Разницу эту прекрасно понимает и сама большевистская власть. Только очень глубоким пониманием этой разницы объясняется такое мероприятие, как высылка из России большого количества безусловно лояльных граждан лишь за их внутреннее неприятие, непризнание советской власти. Большевикам, очевидно, мало одной лояльности, т.е. мало признания советской власти как факта и силы; они требуют ещё и внутреннего приятия себя, т.е. признания себя и своей власти за истину и добро. Как это ни странно, но в преследовании за внутреннее состояние души есть нота какого-то извращённого идеализма. Очень часто чувствовал я в разговорах с большевиками, и с совсем маленькими сошками, и с довольно высокопоставленными людьми, их глубокую уязвлённость тем, что, фактические победители над Россией, они всё же её духовные отщепенцы, что, несмотря на то, что они одержали полную победу над русской жизнью умелой эксплуатацией народной стихии, — они с этой стихией всё-таки не слились, что она осталась под ними краденым боевым конём, на котором им из боя выехать некуда.
Оттого, что в лучших большевистских душах есть извращённый идеализм такой боли, оттого, что многих большевиков если и не мучает, то всё же злит формула: «власть ваша, а правда наша», на утверждение, или по крайней мере умолчание которой они всё же всюду наталкиваются, — оттого нет ничего более гнусного и вредного, чем распространившаяся в последнее время среди нашей интеллигенции мода на самооплевание. Насколько важна и нужна самокритика, настолько вредно и тлетворно самооплевание. Здоровая самокритика есть, прежде всего, мужественная борьба за будущее; самооплевание — трусливое отречение от прошлого. Критика — наступление; самооплевание — бегство. Но между самокритикой и самооплеванием есть еще и другая, и, быть может, более важная разница. Здоровая положительная критика возможна всегда только на почве твёрдой веры в идеал, путь и долг, самооплевание же есть всегда утрата всякой веры в объективный идеал, в обязательный путь, в ответственный долг. Самооплевание потому гораздо больше чем
«Конечно, большевики преступники, мерзавцы, но всё-таки они сила, в них есть вкус к власти и умение действовать — они совсем не то, что мы: безвольные идеологи и слюнявые гуманисты, которым впору не Россией управлять, где без крови не обойдёшься, а разве только чаёвничать да краснобаить». Во сколько же раз в таких речах, несмотря на непримиримое «большевики мерзавцы и преступники», больше внутреннего признания большевизма, чем в самой активной лояльности беспартийного советского «спеца», борющегося за повышение себе жалования
Фактическое признание большевиков как наименьшего зла — это еще не обязательно признание. Это возможно даже и как платформа дальнейшей борьбы. Но почитание себя, «интеллигенции» за нечто худшее, чем мерзость и преступление, только потому, что тебе была изначально свойственна вера в человека, совесть и разум, это уже больше чем признание большевизма, это порабощённость и растленность им, это уничтоженность в нём. И психологически это не покаяние и не самокритика, а самодовольство и бесстыдство.
В самые страшные годы советского режима, когда окончательно обезумевшая шахматная доска марксистски-большевицких выкладок надгробной плитою лежала на всех полях и пахотах России, единственною пробивающеюся из-под неё травкой виднелась, как это ни зазорно и на первый взгляд ни странно сказать, — спекуляция.

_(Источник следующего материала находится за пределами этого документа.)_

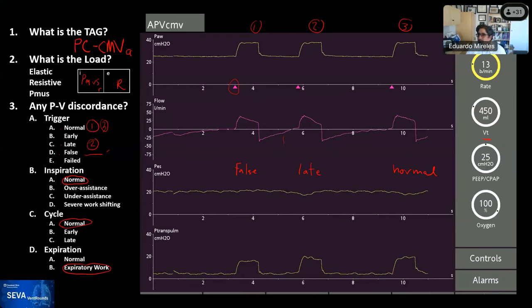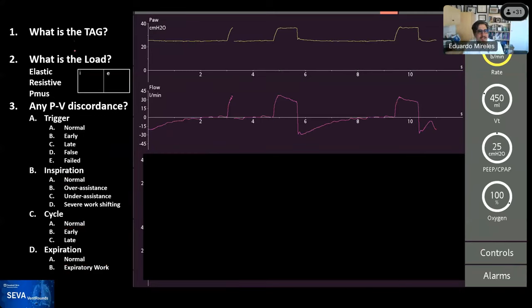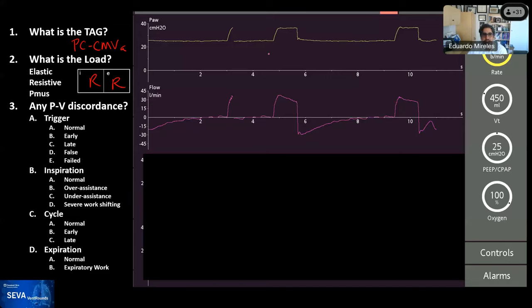Here's another waveform from the same patient. The TAG is the same — APVCMV — and now you can see more clearly this is mainly resistive load with some PMOS. Notice there are no little trigger triangles on these breaths — these are machine-triggered mandatory breaths, triggered by the machine based on the set rate. This is a mandatory breath and that is a mandatory breath.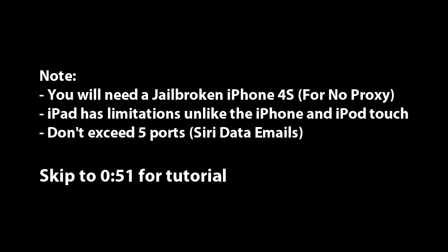What's up guys, it's TechNubi here and today I'm going to be talking about how to get Siri on your iPhone, iPod Touch and iPad without a proxy.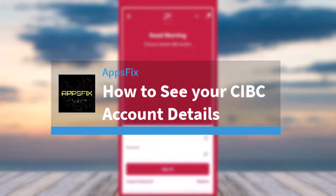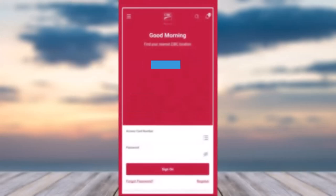How to see your CIBC account details. Hey everyone, welcome back to another tutorial video. In today's video, I'll show you how you can see or view your CIBC account details.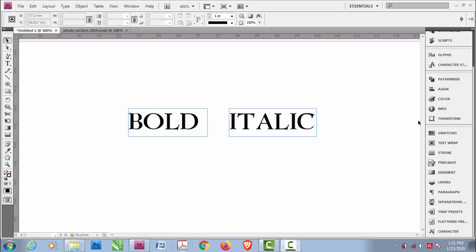In this video I'm going to show you how you can make your text bold and italic in InDesign. If you've been using InDesign for a while, you might have noticed that some fonts don't support bold and italic features while working on InDesign.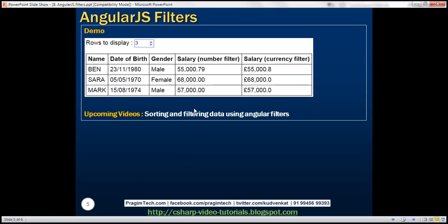Let's look at an example using all these filters. We want to display a list of employees on our web page using a table, showing name, date of birth, gender, and salary twice — once with the number filter and once with the currency filter. We also want an interface at the top of the table with a number-type text box for rows to display. Currently showing value three, so three rows are displayed. As we increase the number, we want that many rows shown.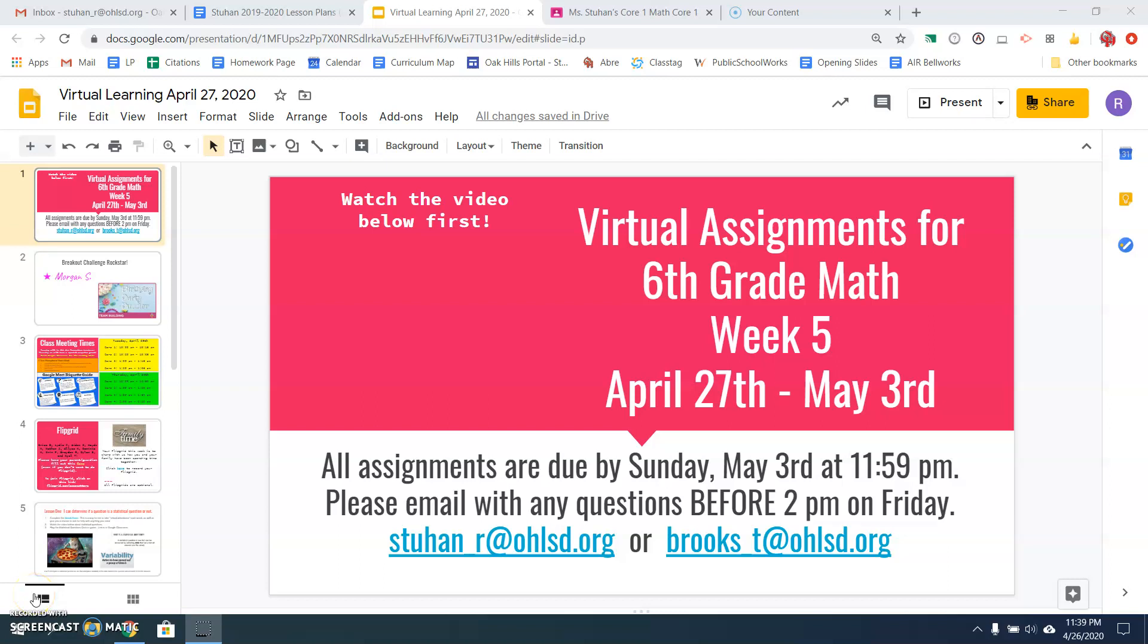Hello friends, welcome to week five of distance learning. All assignments are due before 11:59 on Sunday, May 3rd. Here is your presentation for what you are doing this week. We have finished geometry.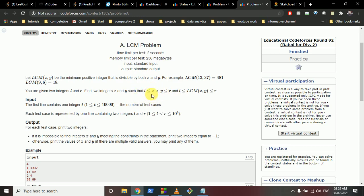Y should be greater than X, meaning X and Y are not equal. Also, if you find the LCM of these two numbers, that LCM should also lie between L and R.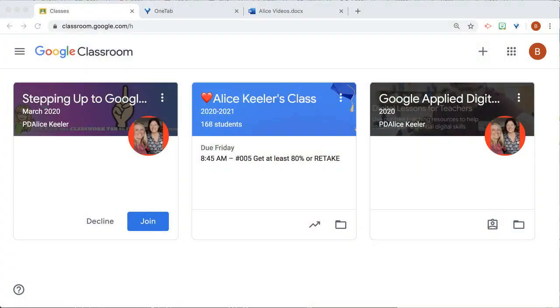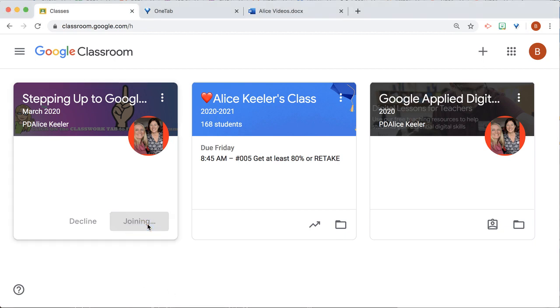I've invited a student to Google Classroom using the Student tab and typed in their email. Notice when they go to the Class Titles page, it says Join.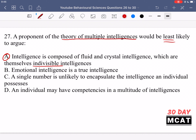Option B says emotional intelligence is a true intelligence — this is something a person would believe if they believed in multiple intelligences, so that's an incorrect answer. Option C says a single number is unlikely to encapsulate the intelligence an individual possesses — they would also agree with this, since the IQ test alone shouldn't determine intelligence if you have different types. Option D says an individual may have competencies in a multitude of intelligences — of course they would agree with that. So A is the only one they really wouldn't agree with.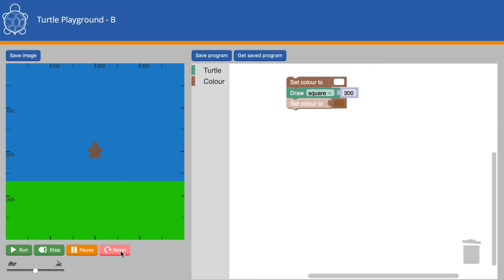That ends the introduction to Turtle Playground B. I hope you find it exciting to use and create some amazing images.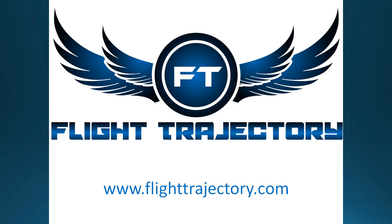Hey guys, this is Matt with flighttrajectory.com. A couple days ago, one of you guys asked me a great question about the airspeed indicator and what all the arcs and markings and color codings on it mean, so I figured I'd do a quick lesson for you guys on that.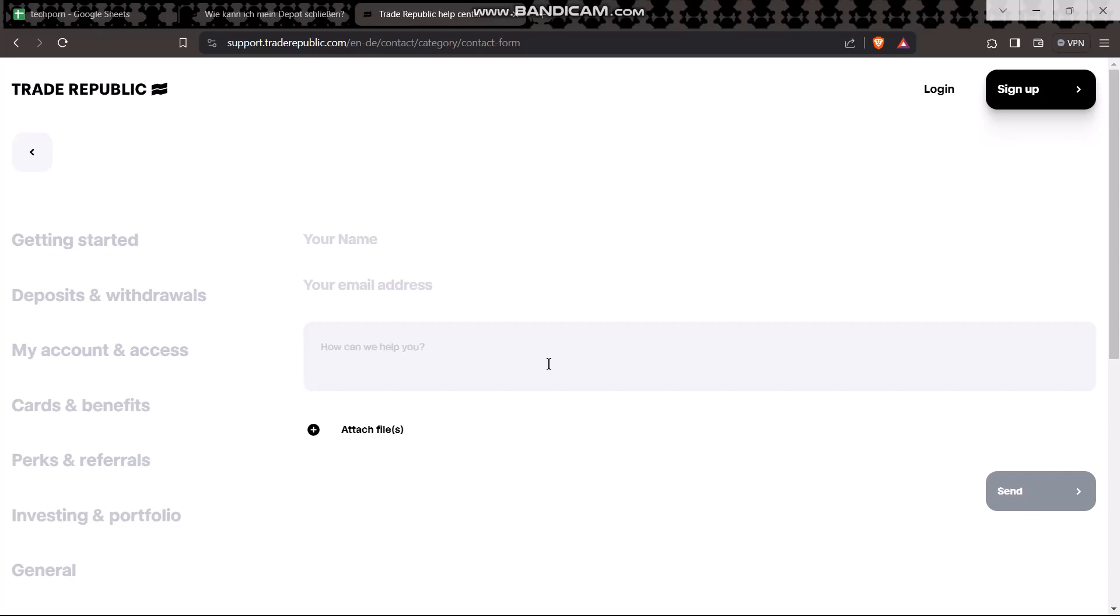Once you have completed the process, click on 'Send'. After four to five business days, the Trade Republic support team will reach you.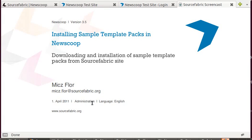Hello, my name is Mitch Flohr from SourceFabric and today's screencast will illustrate how you can use one of the SourceFabric sample templates for an empty NewScoop installation, and how it's easy to just pick one of the designs and add it to your site.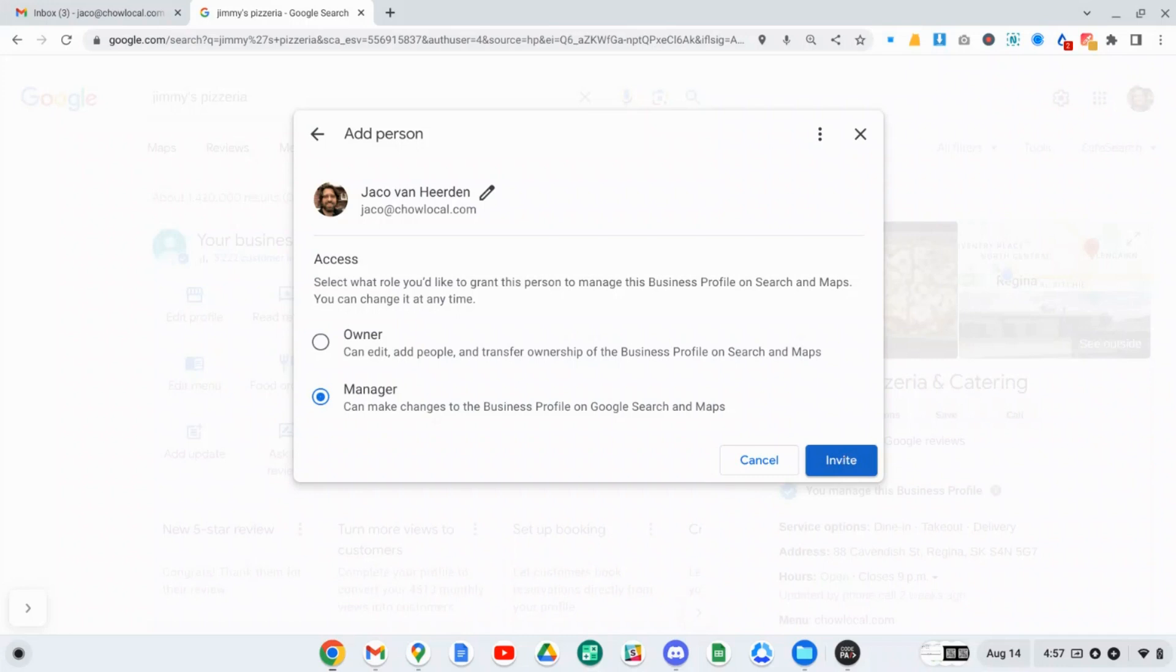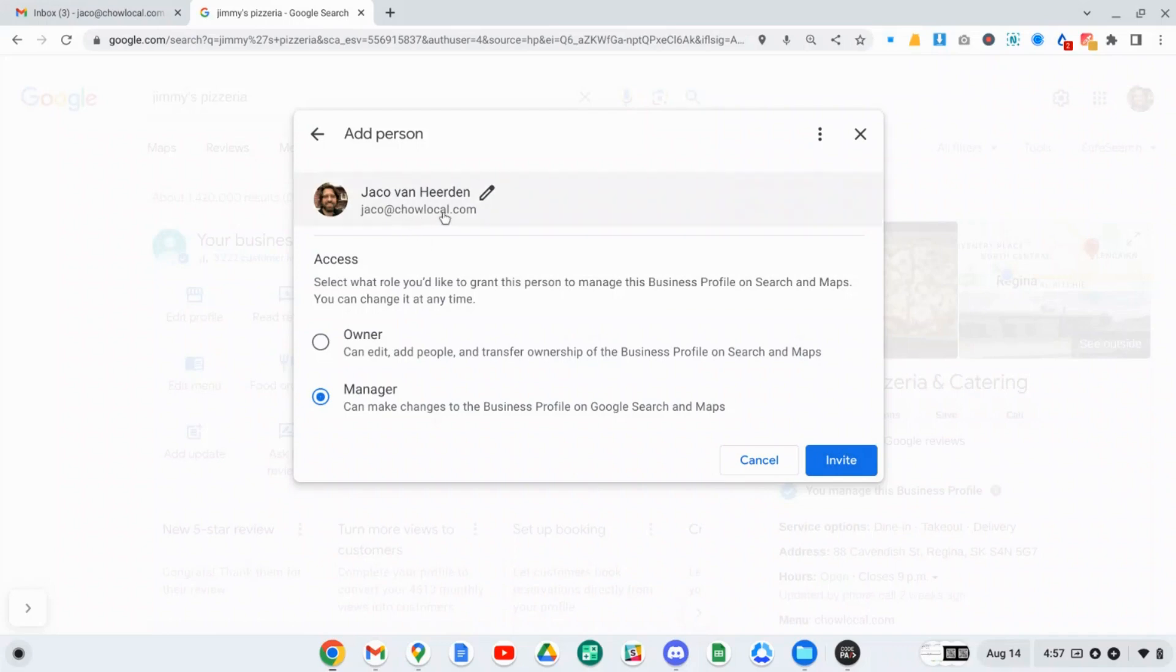This will send an email to the person. They have to have a Gmail or a Google-based email in order to be able to log in and manage or have access to your Google Business Profile. That's something very important. So although my email doesn't end in @gmail.com, it is actually powered by Google. This is a Google Workspace that I use for email. You can invite anyone that has a Google-based email. And yeah, that's it.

Спекулянты, и прежде всего спекулянты хлебом — крупные организаторы и эксплуататоры замечательного российского явления — «мешочничества», были совершенно особыми людьми. Среди них редко встречались наши степенные купцы, бойкие лавочники, деревенские мужики, но было среди них очень много беглых матросов, бывалых солдат, гимназистов, воспитанных на борьбе с полицией лапсердачных евреев, цыган-конокрадов и самых разнообразных женщин. Всё это жило в различных частях Москвы: в Замоскворечье, на Балчуке, у Немецкого рынка, около Павелецкого вокзала и во многих других местах. Жили, как это ни странно, не врассыпную, а целыми таборами, целыми лагерями, постоянно откупаясь от большевицких агентов и милиционеров громадными суммами, но одновременно никогда не снимая дозорных постов. И не странно ли, что в эти спекулянтские квартиры интеллигентская молодежь пробиралась с мешками под пальто за хлебом, пшеном и сахаром, совершенно в таком же виде и в таких же ощущениях, как в 1905, 1906 гг. пробиралась на конспиративные квартиры с революционной литературой под полой. А дома совершенно так же, как в 1905 г., ждали старики родители, ежеминутно поглядывая на часы и волнуясь: не перехватили бы милиционеры, не окружили бы квартиры, не арестовали бы...
Действительно, революции нужно было окончательно сойти с ума, чтобы превратить спекулянта в революционера и пшено в динамит.